UPDATED, Friday, March 7, 8:20 AM ET: Indications that the Satoshi Nakamoto identified yesterday by Newsweek as the creator of Bitcoin is not the real Nakamoto continue to build. Among the most interesting bits? The profile page at P2P Foundation on which Nakamoto announced Bitcoin has been updated saying simply, "I am not Dorian Nakamoto" (the legal name used by Newsweek's catch). The AP reports out the California-based Nakamoto's denial here as well.
Here's a piece on Buzzfeed that discusses the practice of "doxxing," or tracking people down via online trails and publicly accessible documents, which is how Newsweek's Leah McGrath Goodman found who she continues to insist is the right man. Newsweek has been heavily criticized for publishing pictures of Nakamoto's home and address, license plate, and more.
Something to think about as the story proceeds: While uncovering the identity of who created Bitcoin (whether it's a single person or a group) is undeniably interesting and juicy, it has not effect on the currency's utility or continued functioning. Indeed, the reports over Nakamoto's identity have in many ways blotted out the apocalyptic warnings that Bitcoin was done after the implosion of the Mt. Gox exchange last week and the apparent suicide just days ago of a 28-year-old American, Autumn Radtke, who ran a Singapore-based exchange.
Related: Last week, I explained why I didn't think Bitcoin was finished in the wake of Mt. Gox. Read that piece here.
Even More Updated, 5:30 PM ET: Hit "More" or scroll down for latest, including Instagram video in which Nakamoto denies involvement in Bitcoin.
Updated, 11:32 AM ET: Over at Reddit's Bitcoin sub, there's a lively thread suggesting that Newsweek has got the wrong Nakamoto. Among the evidence? Past suggestions that the real Nakamoto's age is much younger than the one pictured above and that his written English (based on various online postings and letters to the editor) isn't particularly good. Read the whole thing. Hat Tip: Naomi Brockwell, Reason TV contributor and proprietor of Bitcoin Girl.
The man pictured above is, says Newsweek, the creator of bitcoin, Satoshi Nakamoto:
Far from leading to a Tokyo-based whiz kid using the name "Satoshi Nakamoto" as a cipher or pseudonym (a story repeated by everyone from Bitcoin's rabid fans to The New Yorker), the trail followed by Newsweek led to a 64-year-old Japanese-American man whose name really is Satoshi Nakamoto. He is someone with a penchant for collecting model trains and a career shrouded in secrecy, having done classified work for major corporations and the U.S. military.

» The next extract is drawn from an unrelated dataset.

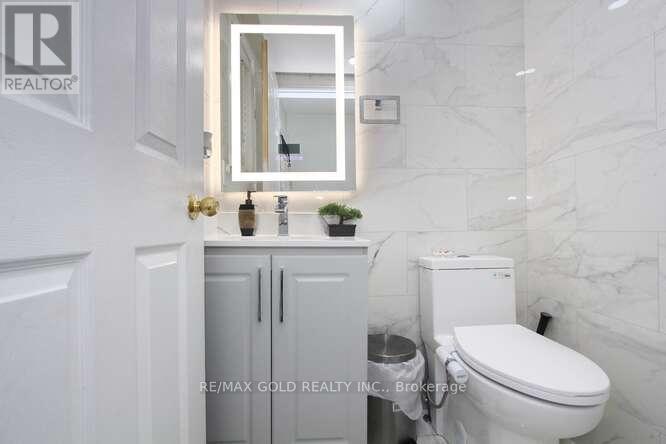 88 Ridgemore Crescent, Brampton, Ontario  L7A 2L5 - Photo 7 - W12654914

Nakamoto was hiding in the same way the author Thomas Pynchon was "hiding" - in plain sight. He used a slightly different name in his work life, but Nakamoto wasn't in deep cover. Kudos to Newsweek's Leah McGrath Goodwin for doing the work to find him. He lives in Temple City, California and came to the U.S. as a child:
Descended from Samurai and the son of a Buddhist priest, Nakamoto was born in July 1949 in the city of Beppu, Japan, where he was brought up poor in the Buddhist tradition by his mother, Akiko. In 1959, after a divorce and remarriage, she immigrated to California, taking her three sons with her. Now age 93, she lives with Nakamoto in Temple City.
Like all great Americans, he lived for a while in New Jersey, where he worked for RCA in Camden. He also worked for the FAA, Hughes Aircraft, and a bunch of other firms. He also did defense contract work.
And yes, he is a libertarian whose own family didn't suspect him of being the inventor of the world's leading alt-currency.
A libertarian, Nakamoto encouraged his daughter to be independent, start her own business and "not be under the government's thumb," she says. "He was very wary of the government, taxes and people in charge."...
Calling the possibility her father could also be the father of Bitcoin "flabbergasting," Ilene Mitchell says she isn't surprised her father would choose to stay under cover if he was the man behind this venture, especially as he is currently concerned about his health.
"He is very wary of government interference in general," she says. "When I was little, there was a game we used to play. He would say, 'Pretend the government agencies are coming after you.' And I would hide in the closet."
Updated 5:30 PM ET: Via the Twitter feed of Declan McCullagh comes this image comparing a letter written by Dorian Nakamoto (the legal name of the man named above as the creator of Bitcoin) and an announcement of Bitcoin's founding theoretical document, as compiled by email@example.com mailing list. Right-click on image below and choose "open image in new tab" to read full text or go here.
Nakamoto, reports The Los Angeles Times, says, "I'm not involved in Bitcoin."